__REQUIRED WORK__: Given the material below, output exactly the lines from the line with "Kit Maquillage Femme, Coffret" to the line with "8 a d ditional", both ends included, and no other lines.

__INFORMATION__:
┏━━

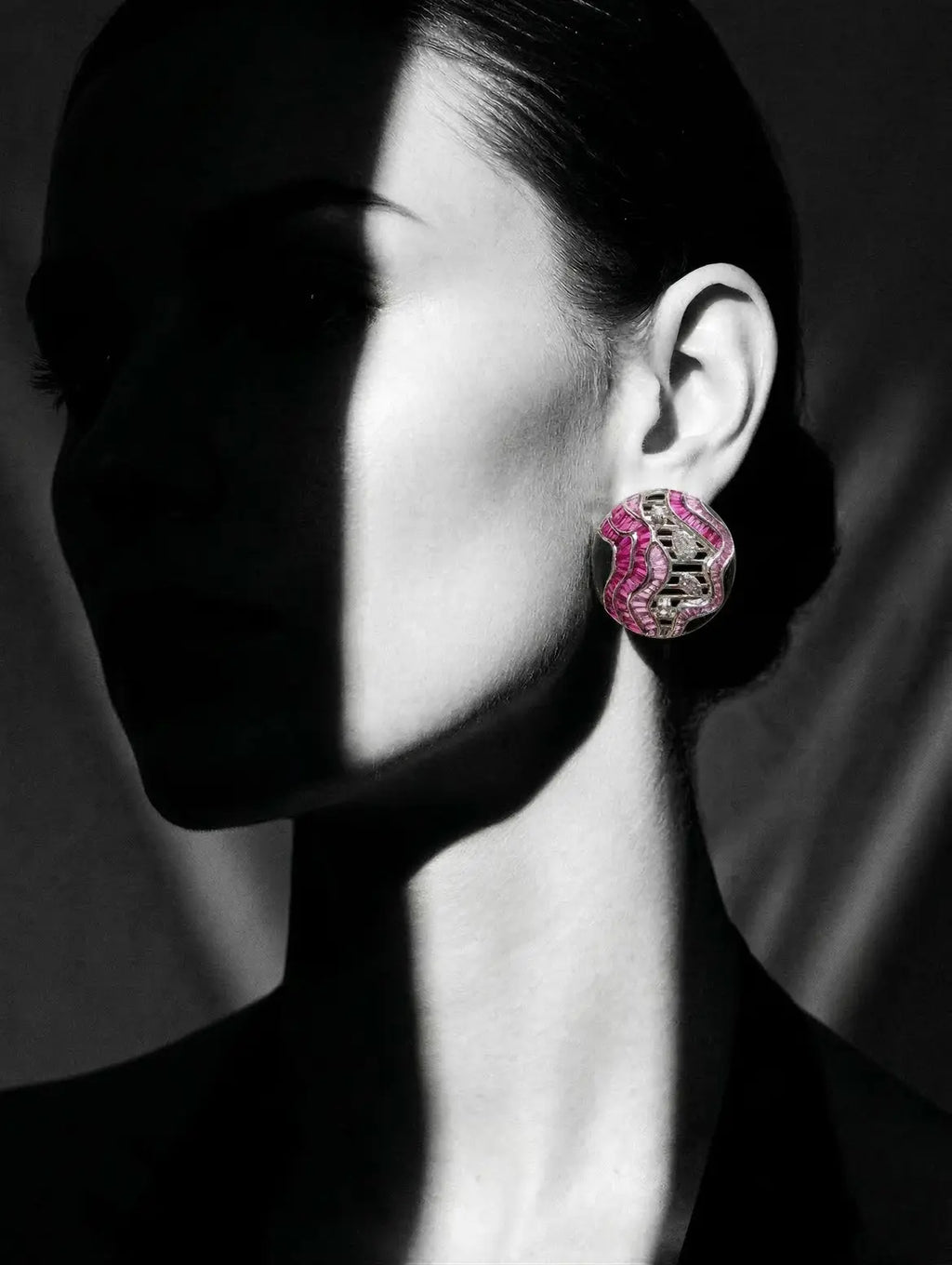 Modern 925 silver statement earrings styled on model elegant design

┗━━
┏━━

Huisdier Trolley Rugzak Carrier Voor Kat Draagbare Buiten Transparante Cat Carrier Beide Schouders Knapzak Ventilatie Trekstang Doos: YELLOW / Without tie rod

┗━━
┏━━

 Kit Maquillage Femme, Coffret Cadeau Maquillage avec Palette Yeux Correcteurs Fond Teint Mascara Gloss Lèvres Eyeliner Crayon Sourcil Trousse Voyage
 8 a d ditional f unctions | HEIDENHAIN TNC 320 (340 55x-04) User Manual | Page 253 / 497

┗━━

__RESPONSE__:
 Kit Maquillage Femme, Coffret Cadeau Maquillage avec Palette Yeux Correcteurs Fond Teint Mascara Gloss Lèvres Eyeliner Crayon Sourcil Trousse Voyage
 8 a d ditional f unctions | HEIDENHAIN TNC 320 (340 55x-04) User Manual | Page 253 / 497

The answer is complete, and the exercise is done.